● **INSTRUCTIONS FOR THE TASK**
Copy the data below exactly, omitting any picture it contains.

● **DATASET EXTRACT**

[Start of Attachment]

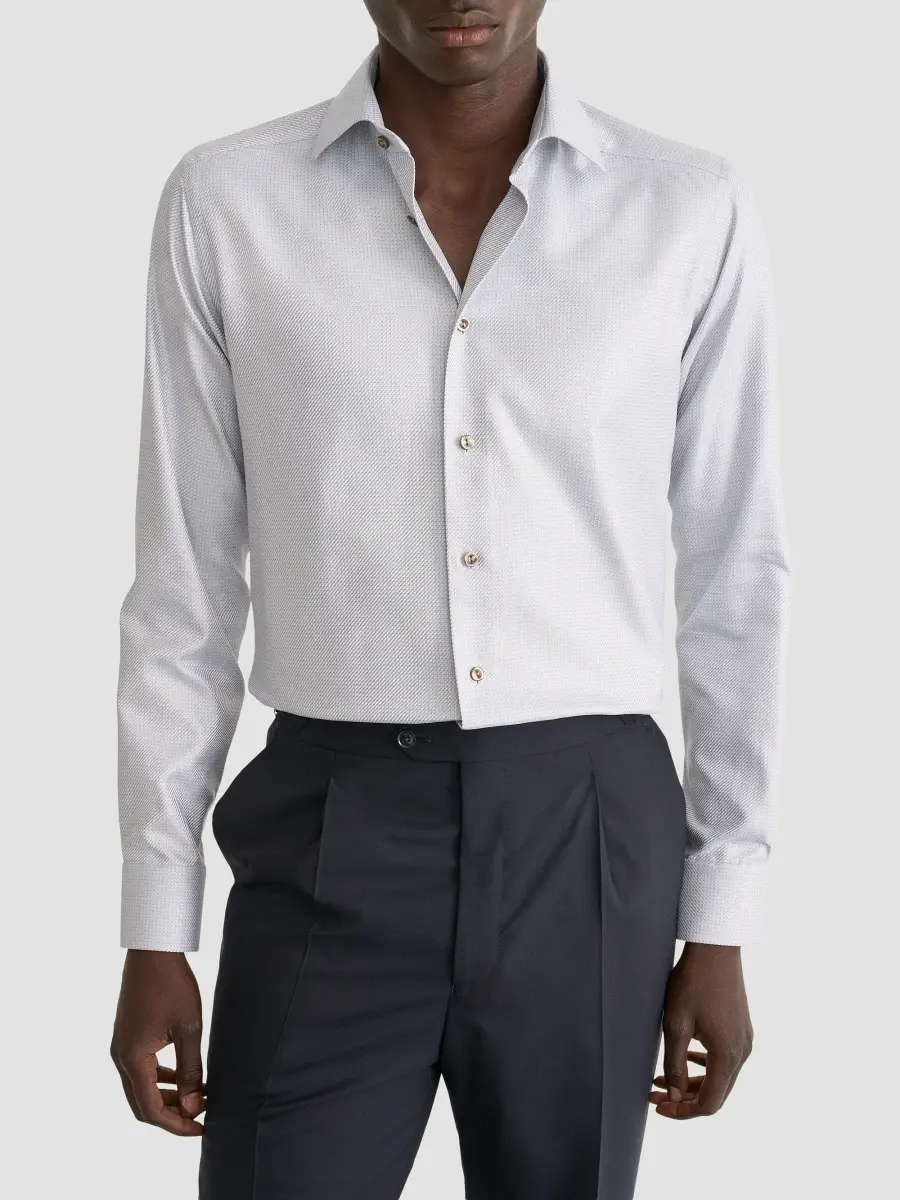 Eton Men's Micro Check Twill Shirt | Thumbnail 2 Eton Men's Micro Check Twill Shirt | Thumbnail 2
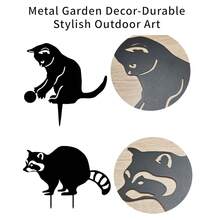 Decoração de Jardim de Metal em Formato de Gato e Guaxinim em Peça Única, Arte de Silhueta de Animal Fofo para Pátio, Ornamento de Gramado para Uso Externo em Qualquer Clima, Adequado para Jardins de Pátio, Presente Ideal para Amantes de Guaxinins e Gatos. - gato - Visão 5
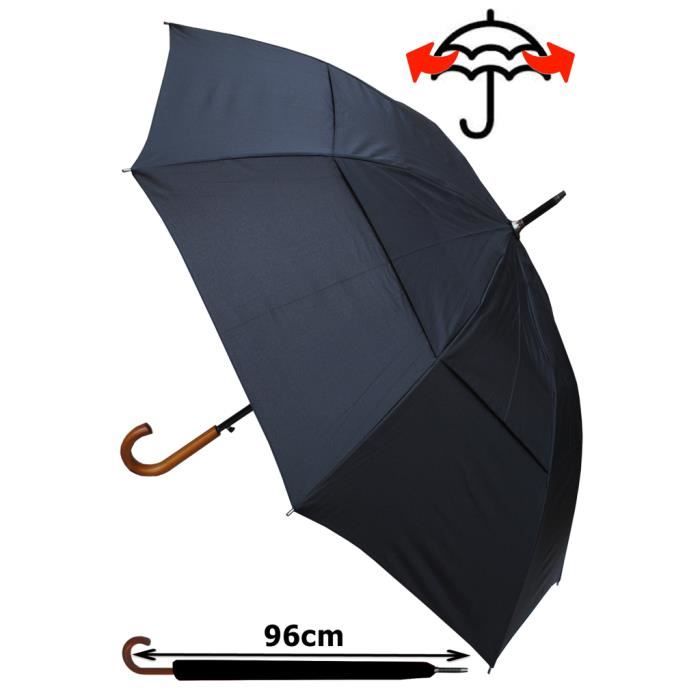 95KPH Parapluie Canne COLLAR AND CUFFS LONDON TR/ÈS Robuste Cadre Renforc/é avec Fibre de Verre en Jaune pour 1 ou 2 Personnes Noir Poign/ée Antid/érapante Automatique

[End of Attachment]

● **OUTPUT**
 Eton Men's Micro Check Twill Shirt | Thumbnail 2 Eton Men's Micro Check Twill Shirt | Thumbnail 2
 Decoração de Jardim de Metal em Formato de Gato e Guaxinim em Peça Única, Arte de Silhueta de Animal Fofo para Pátio, Ornamento de Gramado para Uso Externo em Qualquer Clima, Adequado para Jardins de Pátio, Presente Ideal para Amantes de Guaxinins e Gatos. - gato - Visão 5
 95KPH Parapluie Canne COLLAR AND CUFFS LONDON TR/ÈS Robuste Cadre Renforc/é avec Fibre de Verre en Jaune pour 1 ou 2 Personnes Noir Poign/ée Antid/érapante Automatique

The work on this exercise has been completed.